In this workshop we're using a software platform call the Jupyter Notebook, which lets you run Python code inside your web-browser, e.g. click on the next cell and press Ctrl+Enter to run this snippet of Python:
print("Hello world")
Python can also be run interactively at the command line in your terminal window, where >>>
represents the interactive Python prompt and quit()
is the simplest way to exit.
$ python
Python 3.6.4 |Anaconda, Inc.| (default, Jan 16 2018, 12:04:33)
[GCC 4.2.1 Compatible Clang 4.0.1 (tags/RELEASE_401/final)] on darwin
Type "help", "copyright", "credits" or "license" for more information.
>>> print("Hello world")
Hello world
>>> quit()
More commonly people write Python scripts. These are plain text files usually ending with the .py
extension, which can be run like this:
$ python example.py
...
Any self contained snippet of Python (including many of the examples here) could be run this way - but doing it in the notebook is in many ways easier, especially for interactive work and keeping notes with the code. The Jupyter Notebooks really shine when producing graphics with Python, as we will see this afternoon.

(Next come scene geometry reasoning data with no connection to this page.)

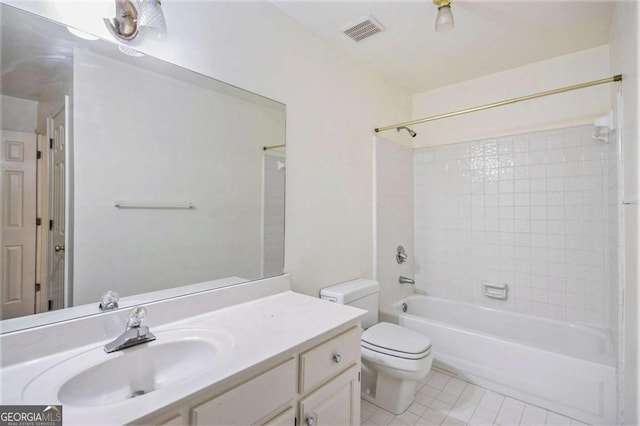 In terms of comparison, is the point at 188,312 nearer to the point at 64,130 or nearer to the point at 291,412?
the point at 291,412

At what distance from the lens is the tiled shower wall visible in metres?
2.13

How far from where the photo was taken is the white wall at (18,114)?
2.85 ft

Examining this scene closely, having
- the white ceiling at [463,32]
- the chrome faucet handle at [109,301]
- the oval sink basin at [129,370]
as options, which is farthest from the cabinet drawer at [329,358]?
the white ceiling at [463,32]

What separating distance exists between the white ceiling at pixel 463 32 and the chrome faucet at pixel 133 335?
1.71 m

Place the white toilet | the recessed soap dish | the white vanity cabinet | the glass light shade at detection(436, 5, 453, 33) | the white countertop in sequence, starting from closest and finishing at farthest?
the white countertop
the white vanity cabinet
the glass light shade at detection(436, 5, 453, 33)
the white toilet
the recessed soap dish

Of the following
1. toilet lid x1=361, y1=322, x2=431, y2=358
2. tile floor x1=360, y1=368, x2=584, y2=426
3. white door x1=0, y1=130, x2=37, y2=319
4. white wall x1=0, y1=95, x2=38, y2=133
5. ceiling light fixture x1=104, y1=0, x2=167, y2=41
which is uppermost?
ceiling light fixture x1=104, y1=0, x2=167, y2=41

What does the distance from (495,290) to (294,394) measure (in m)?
2.18

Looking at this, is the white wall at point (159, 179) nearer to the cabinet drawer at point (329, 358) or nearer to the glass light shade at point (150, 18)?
the glass light shade at point (150, 18)

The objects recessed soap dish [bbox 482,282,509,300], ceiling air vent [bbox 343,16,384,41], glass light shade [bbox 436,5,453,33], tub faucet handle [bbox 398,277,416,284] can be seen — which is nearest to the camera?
glass light shade [bbox 436,5,453,33]

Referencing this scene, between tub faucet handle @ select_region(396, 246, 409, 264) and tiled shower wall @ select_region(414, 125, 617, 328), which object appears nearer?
tiled shower wall @ select_region(414, 125, 617, 328)

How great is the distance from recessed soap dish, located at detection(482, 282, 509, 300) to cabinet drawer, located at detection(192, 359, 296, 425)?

Python strings can be defined using double quotes, or single quotes. It doesn't matter which you use, but they have to match. Strings can be added together (concatenated) with the +
operation, or duplicated by multiplying by an integer number:
name = "Hello"
message = name + " world"
print(message)
print(message * 3)
It is very common to want to combine strings togther, often including numbers or other values. A widely used approach to string formating works with percent sign place holders:
%s
to insert a string%i
to insert an integer number%f
to insert a floating point number(This convention was introduced in the C programming language, which was enormously influential in later programming language design.)
name = "Peter"
message = "Hello %s, your name has %i letters" % (name, len(name))
print(message)
The Python list
serves as a general purpose data structure for holding an ordered collection of values. This is similar to an 'array' in other languages.
You can have lists of strings, lists of integers, etc. The length of a list is defined as the number of elements in the list.

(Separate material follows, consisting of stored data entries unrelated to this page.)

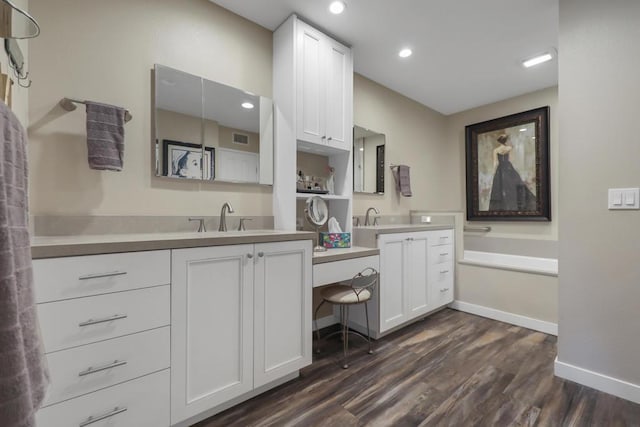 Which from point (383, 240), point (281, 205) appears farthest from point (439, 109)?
point (281, 205)

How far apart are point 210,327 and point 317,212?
47.2 inches

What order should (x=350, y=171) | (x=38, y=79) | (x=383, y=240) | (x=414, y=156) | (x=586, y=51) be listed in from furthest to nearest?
(x=414, y=156), (x=350, y=171), (x=383, y=240), (x=586, y=51), (x=38, y=79)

names = ["Peter", "Sue", "Leighton"]
print(len(names))
Most programming languages, including Python, have several ways to repeat a block of code multiple times. Python's for
loop works with a loop variable (letter
in the example below) which takes in turn each of the values to be looped over (here the letters in string variable message
):
message = "Hello world"
for letter in message:
print(letter)
Another common situation is to loop over a list of values:
for value in ["alpha", "beta", "gamma", "delta"]:
print(value)
Later in the workshop you'll see this syntax used with other constructs, including parsing a sequence file, where we loop over each sequence record in the file.
Often as your Python code gets longer you will find you repeat snippets of code. In this situation it is usually best to turn the repeated code into a function which can be defined once and then used multiple times (reproducibility).

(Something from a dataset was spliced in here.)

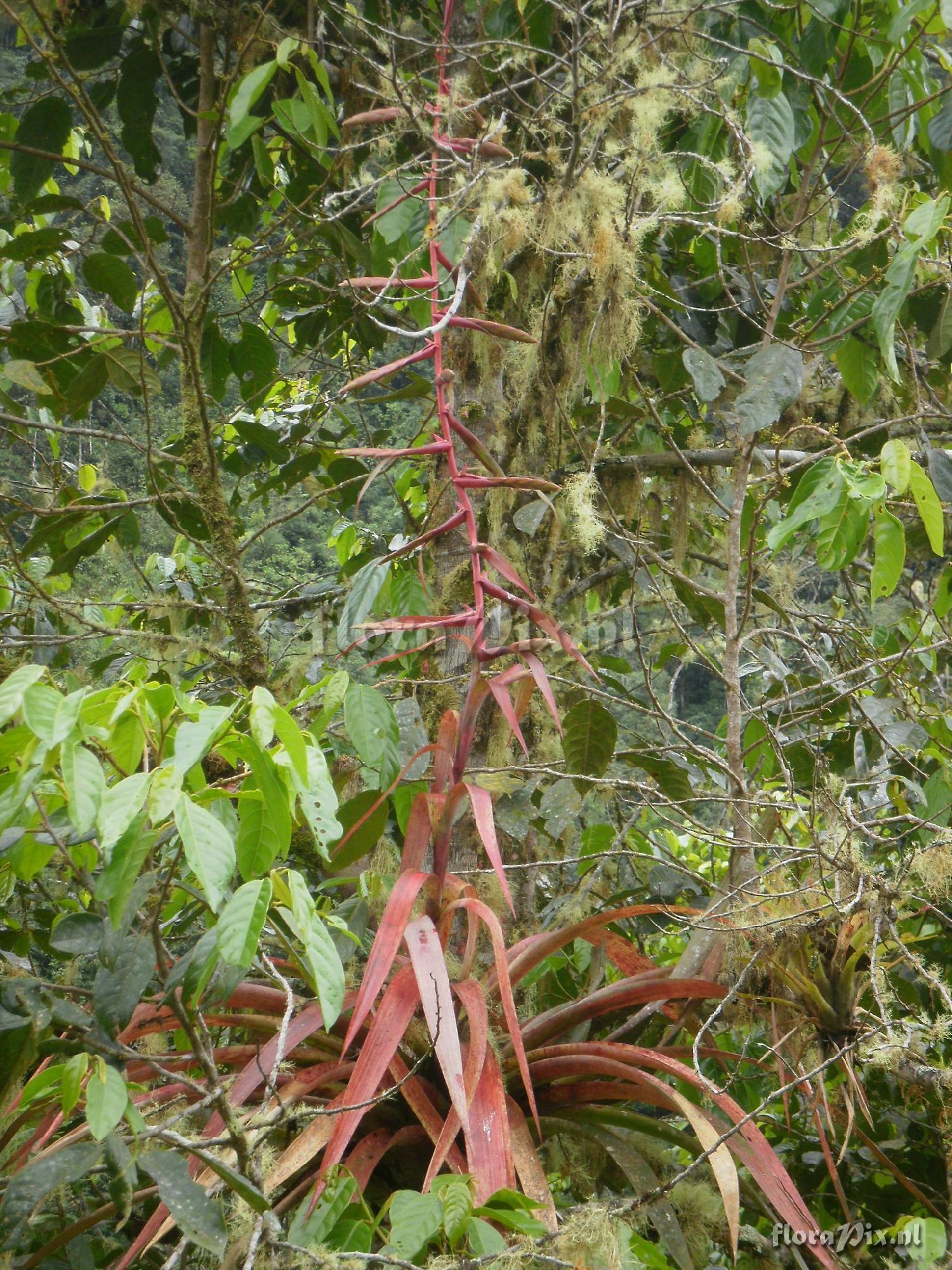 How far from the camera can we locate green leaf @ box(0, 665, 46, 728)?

# Python keyword def is short for define
# Here defining a function taking one argument
def make_message(name):
length = len(name)
# Python keyword return exits the function with this value:
return "Hello %s, your name is %i characters long" % (name, length)
print(make_message("Peter"))
print(make_message("Sue"))
print(make_message("Leighton"))
For loops are also very important for reducing duplicated code, so in this little example rather than calling our function three times we could do this:
# Assumes you've already executed the cells above which defined
# the list *names* and the function *make_message*
for name in names:
print(make_message(name))
The examples we have shown so far are functions taking a single argument, but functions can take multiple arguments. This example is a function which requires two arguments:
def letter_frequency(text, letter):
return text.count(letter) / len(text)
sequence = "AGTGACACAGGT"
for base in "ACGT":
print("Frequency of letter %s is %f" % (base, letter_frequency(sequence, base)))
This example also introduced something new for counting the letters in a string. Python strings have lots of methods, a special kind of Python function acting on the the object itself via this .method(...)
syntax.
print(message.upper())
print(message.lower())
print(message.count("l"))
We've tried to introduce a minimum of concepts and syntax here. There will be more Python examples later on, which we won't have time to explain in detail as we want to focus on the Bioinformatics instead.